Docker has become one of my favorite tools to help with challenges of different build and run environments. When I want to create even a small example project, I usually start by creating first the Dockerfile for the build environment. When I have had to distribute more complex work for the client, images/containers have made the process almost painless.
I wanted to write down some of the things that have made my life much easier while using Docker.
Basic recap
This is post is not intended as a full tutorial / getting started guide, but let’s recap quickly. Basic Dockerfile usually looks something like this:
# base image on top of which we build our own
FROM ubuntu:20.04
# Fetch package index and install packages
RUN apt-get update && apt-get install -y nano
# In which directory next commands will be applied.
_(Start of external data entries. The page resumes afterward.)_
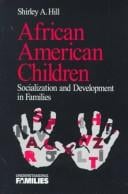 African American children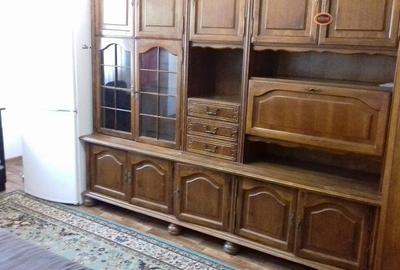 Vânzare garsoniera in cartierul Marasti,   etajul 1,  în zona F.S.E.G.A - 3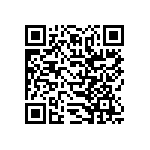 SIT1602BI-73-28N-75-000000D QRCode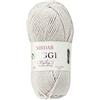 Sirdar Snuggly Replay DK Double Knitting, Surf's Up Silver (102), 50 g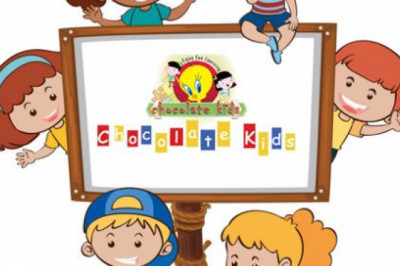 Are You Looking For Best Play School In Urapakkam?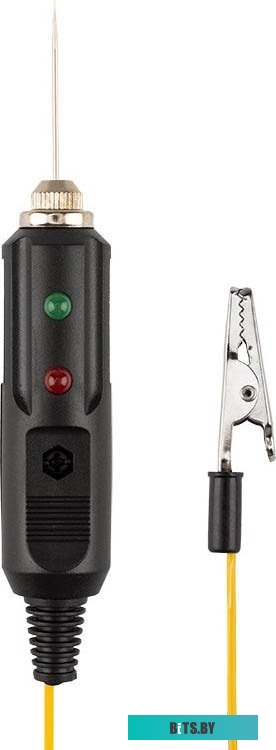 Индикаторная отвертка Rexant Игла 16-0102-1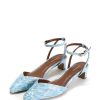 Stridevibe.shop7e8179b83f 2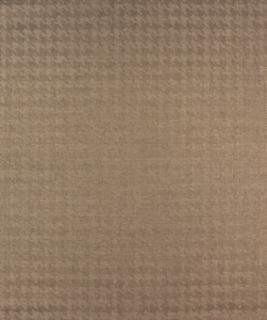 Merrimac Fabric Langdon 52204 M10054 MGALL18 76% POLYESTER (F)
24% POLYESTER (S) CHINA 30,000 DOUBLE RUBS </p><p>Repeat: Horizontal: and Vertical: 54" Minimum - My Fabric Connection -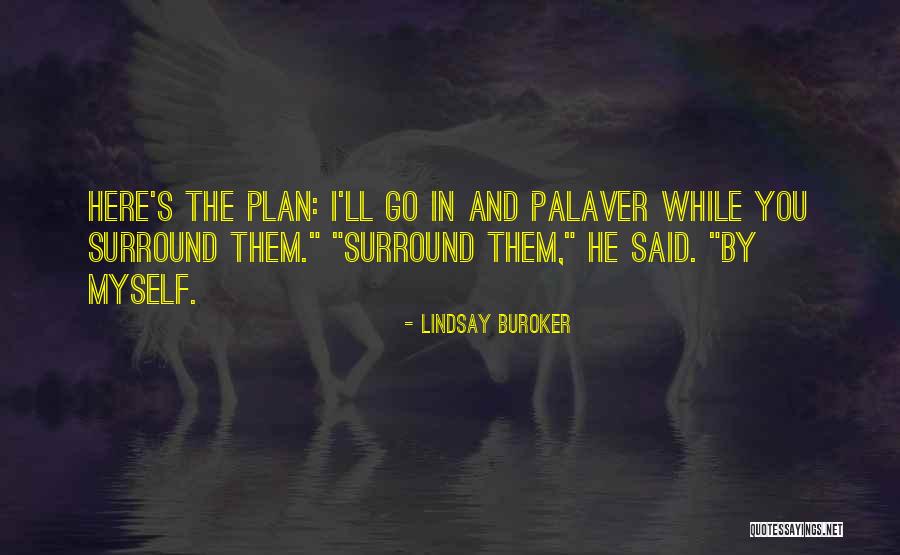 Arredra Significado Quotes By Lindsay Buroker Arredra Significado Quotes By Lindsay Buroker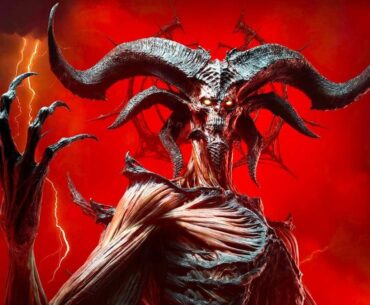 PC Gamers Can Secure 8 Games For $13 In May Bundle, Includes AAA Banger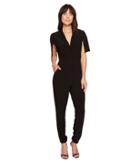 Laundry By Shelli Segal - Jersey Jumpsuit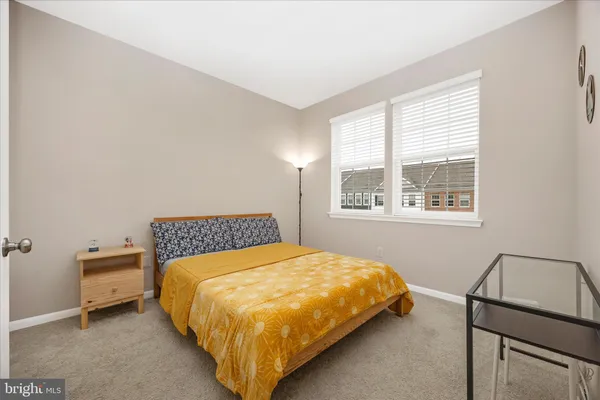 $510,000 | 5044 MacDonough Place, Frederick, MD 21703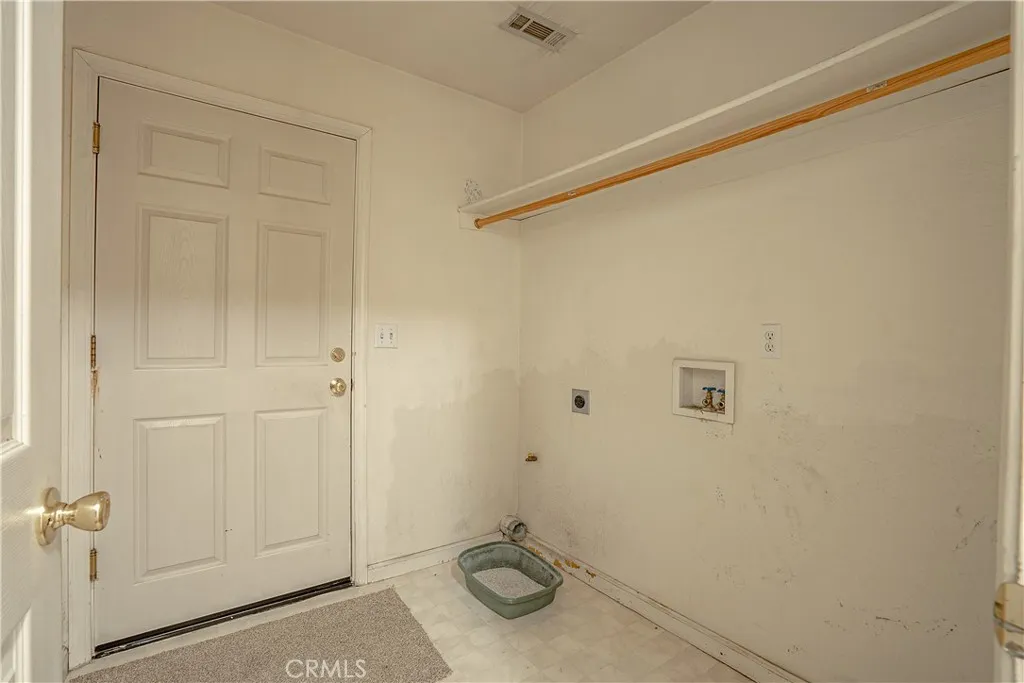 Additional image 26 of 430 N Spring St, Susanville, CA 96130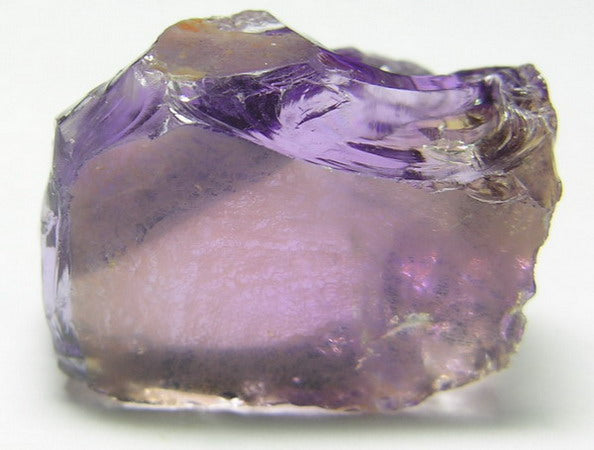 Ametrine Quartz - 55.76ct - Hand Select Gem Rough - prettyrock.com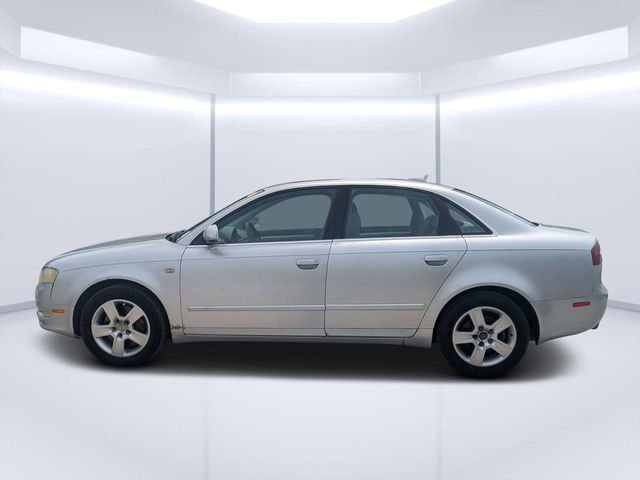 Used 2006 Audi A4 2.0T FWD image 6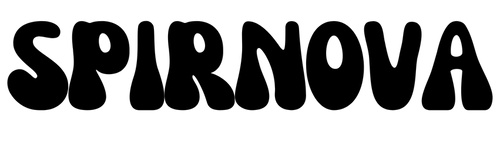 Spirnova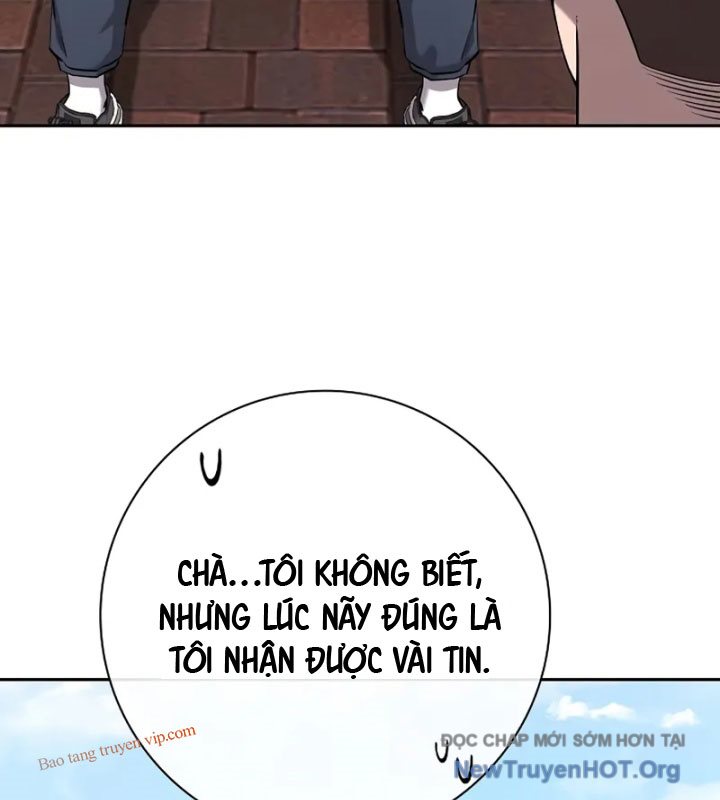 Ma Pháp Sư Hắc Ám Trở Về Để Nhập Ngũ Chap 51 - Next Chap 52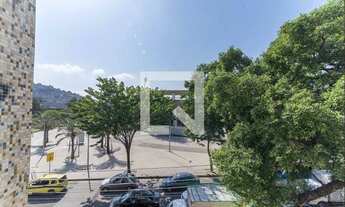 Imagem 6: Apartamento à Venda - Maracanã, 2 Quartos, 65 m2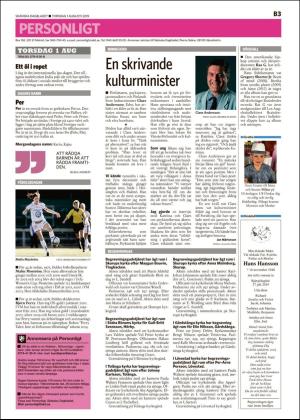 skanskadagbladet_z3_b-20190801_000_00_00_003.pdf
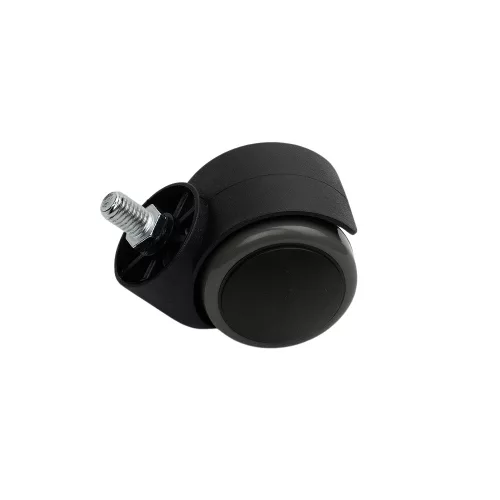 Görgő AE301024 pentru scaun rotativ cu funcție de glisare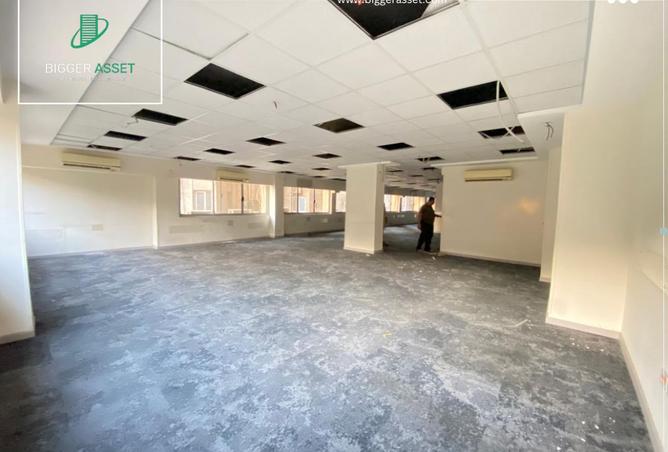 8352590 - Property Main Image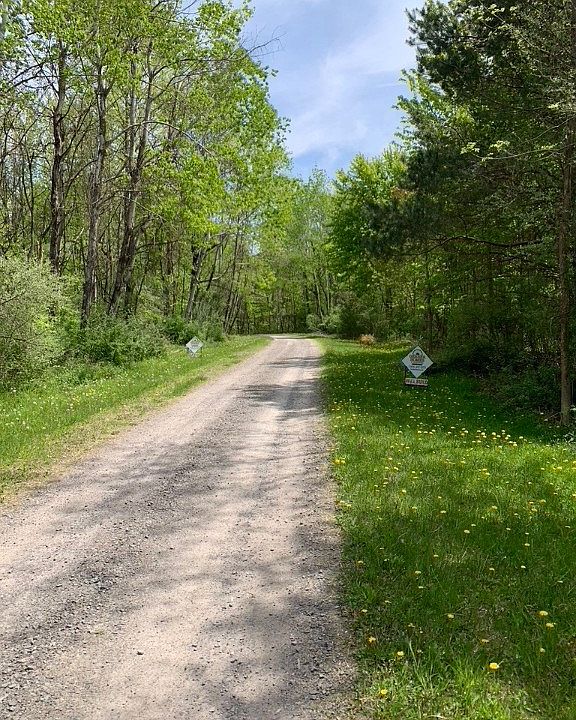 4322 Ontario Center Rd Walworth NY Zillow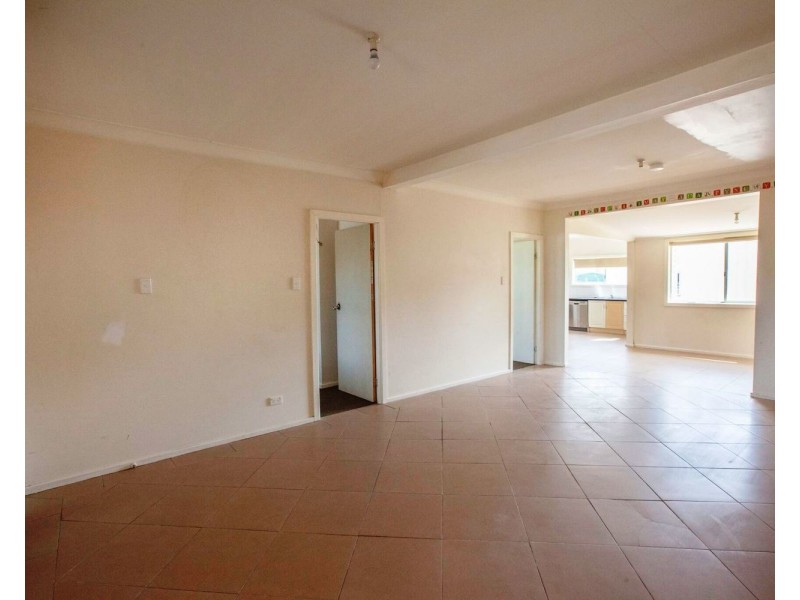 54 Victoria Street, Muswellbrook NSW 2333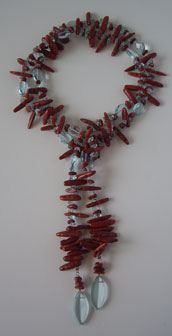 J. Rox Product Image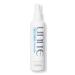 UNITE Hair 7SECONDS Detangler 8.0 oz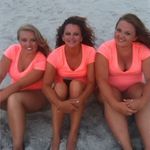 Donna Sue Tipton - @donnasuetipton - Instagram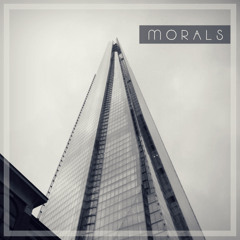 BATTS - Morals (Shoby Remix)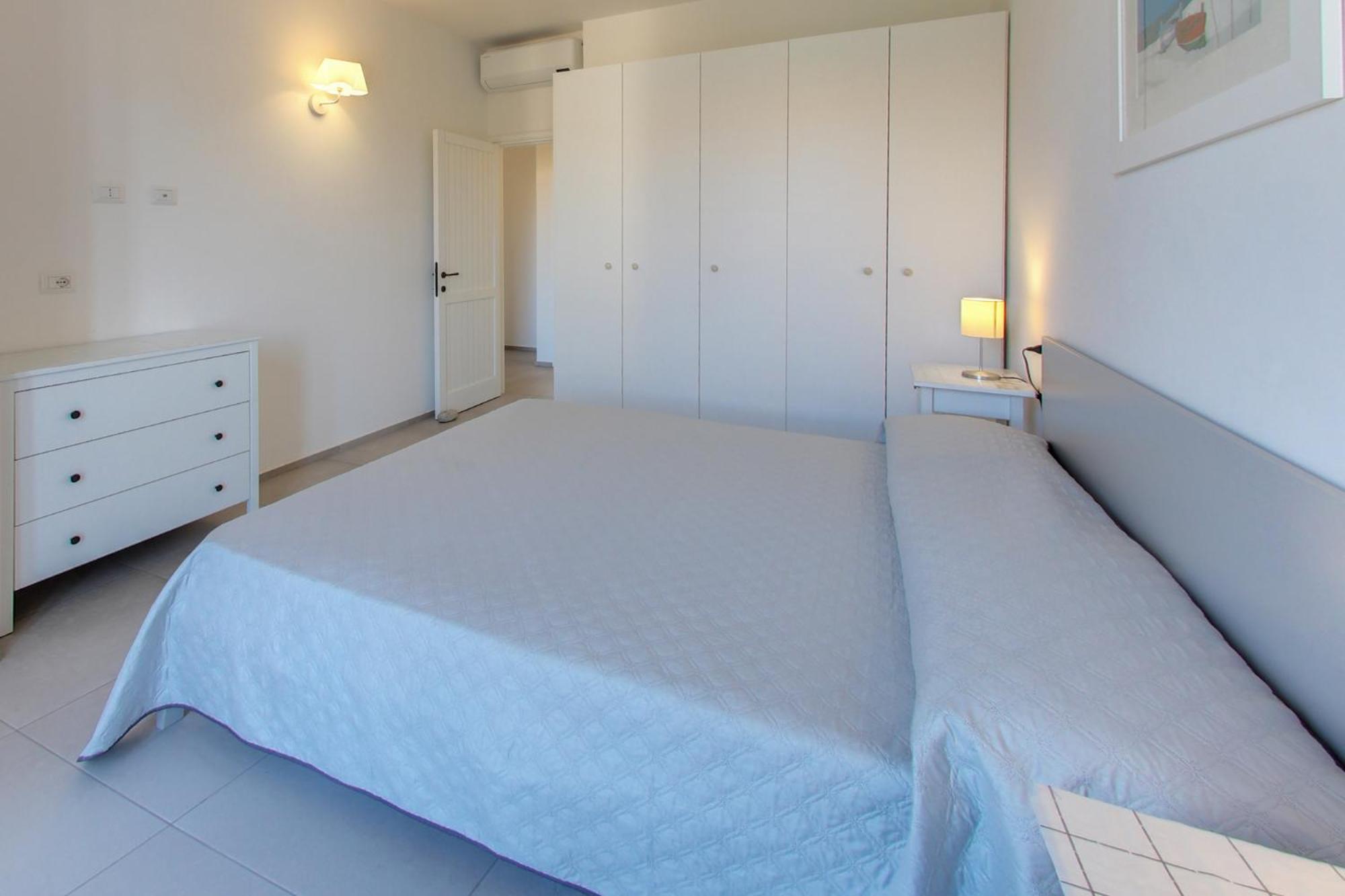 Porto Ottiolu Resort Dış mekan fotoğraf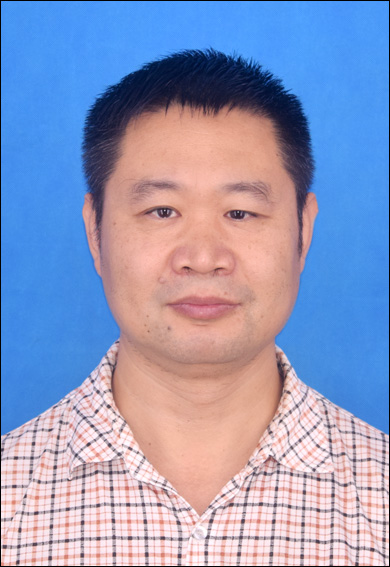 77779193永利集团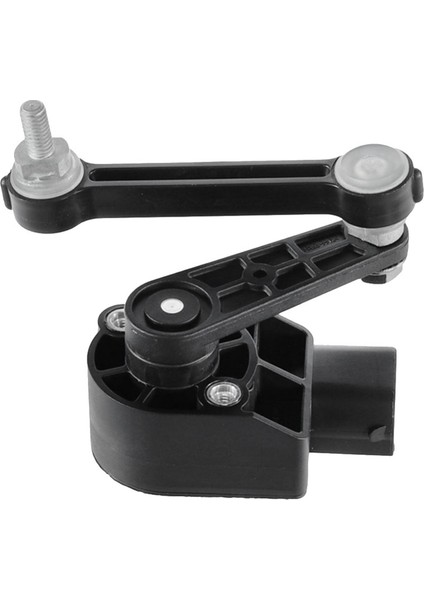 2x 7L0616571D Volkswagen Audi Için Otomatik Parçalar (Yurt Dışından) modelleri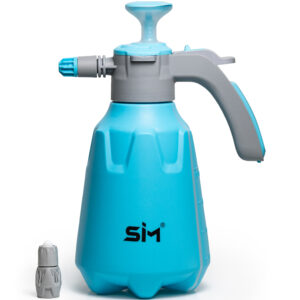 ΑΦΡΟΠΟΙΗΤΗΣ & ΣΠΡΕΪ ΠΡΟΠΙΕΣΗΣ SΙΜ 2L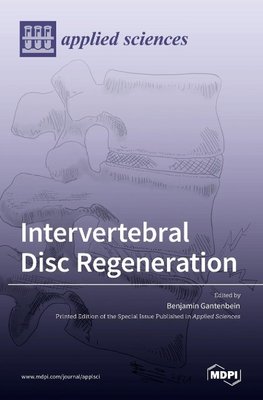 Intervertebral Disc Regeneration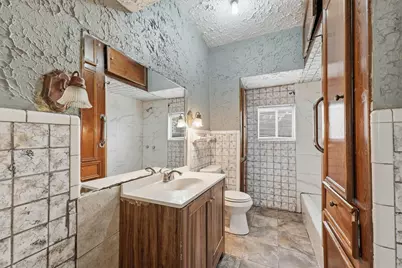 5709 Sherman Street, Houston, TX 77011 - Photo 9
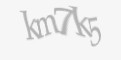 Защитный код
# Also last WORKDIR will be CWD when the container is run
WORKDIR /data
# Copy data from the build directory to the image
COPY . /data
# Entrypoint is the default executable to be run when
# using the image
ENTRYPOINT ["ls", "-la"]
I recommend looking through the Docker documentation for the Dockerfile for a lot more options.
To build the image we usually run:
docker build -t name-of-the-image .
And finally we run the image:
# --rm = remove container when it is stopped
docker run --rm name-of-the-image
Some additional useful commands
# List running and stopped containers
docker ps -a
# List disk space usage of Docker
docker system df -v
# Remove non running images/cache. Does not touch volumes (add --volumes to prune volumes too)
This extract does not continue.